The most complex viruses can not only intercept SMS bank, hiding them from the owner of the smartphone, but form of payments on account cybercriminals through mobile banking applications. Of course, these viruses do not spread massively, but the presence of such massive infected apps like DURAK, – it is always open “back door” on the device potentially interesting victim to criminals.
situation DURAK’om likely to get a lot of publicity, and I want to believe that Google will now have to take some serious action to change the situation.
The company ESET Russia believe that the malicious -applications in Google Play – a well-known problem, and the number of false and / or malicious applications on Google Play will only grow.
«Android platform in general,” a success “attackers: currently it is focused up to 99% of known mobile malware. In particular, last year appeared on Google Play rogue antivirus Virus Shield. It sold for $ 3.99 a week and became the sales leader among the new products and the third in the list of the best paid apps. When this virus is not protective at all – the application can only be changed by clicking the icon. More than 10 thousand. Users pay for fake $ 40 thousand. For a week.

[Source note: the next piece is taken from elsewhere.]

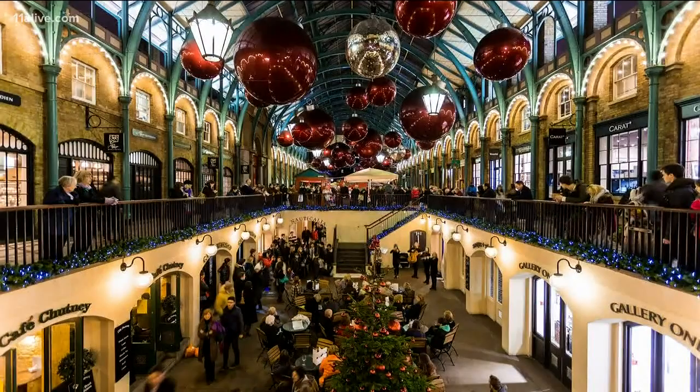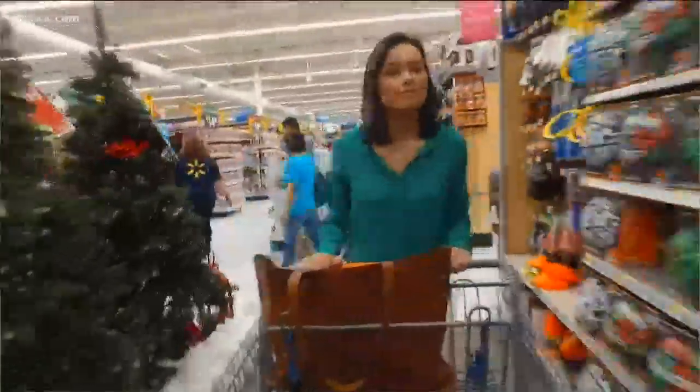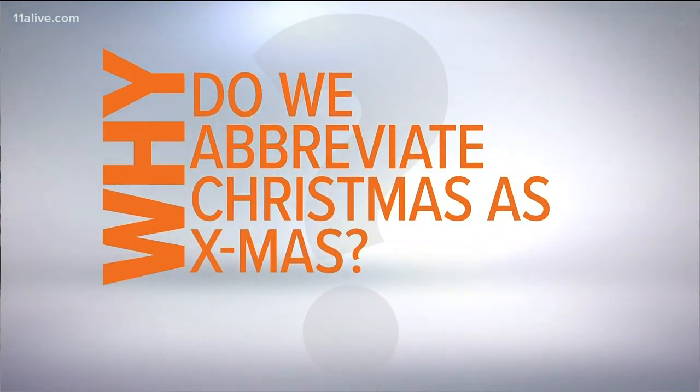Christmas is anything but X-rated, and yet many use the letter X to abbreviate the holiday. Our Why-guy examines why X-mas is a common way to shorten the word Christmas. With the hustle and bustle of the holidays, we're in such a hurry running from store to store that we hardly have time to take a breath. Sometimes we're so busy we don't have time to spell out the word Christmas. Let's explore why we sometimes abbreviate Christmas with X-mas.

The main problem is that Google Play does not check thoroughly new applications. Specialists site only detect malicious activity.
If the application does not show it or malicious functionality qualitatively disguised in software has all chances to appear in the public domain.
The problem is partly solved antivirus that really protect against virus threats and allow for a security check and control applications. On the other hand, even the most technically advanced software does not rule out the influence of the human factor “- told” Gazeta.ru “in ESET Russia.
According to anti-virus expert” Kaspersky Lab “Denis Legeza, most mobile antivirus own use cloud reputation database files and URL-addresses.
«Thus, the first to be blocked from the site download software authors, warning about the alleged vulnerabilities found on the device. Instead, the user will see him antivirus information that the browser tries to open an unsafe page. If for some reason the URL is not marked in the reputation-based security software developer as dangerous, it can be stopped immediately subsequent loading a malicious file on the link, “- said” Gazeta.ru “expert” Kaspersky Lab ».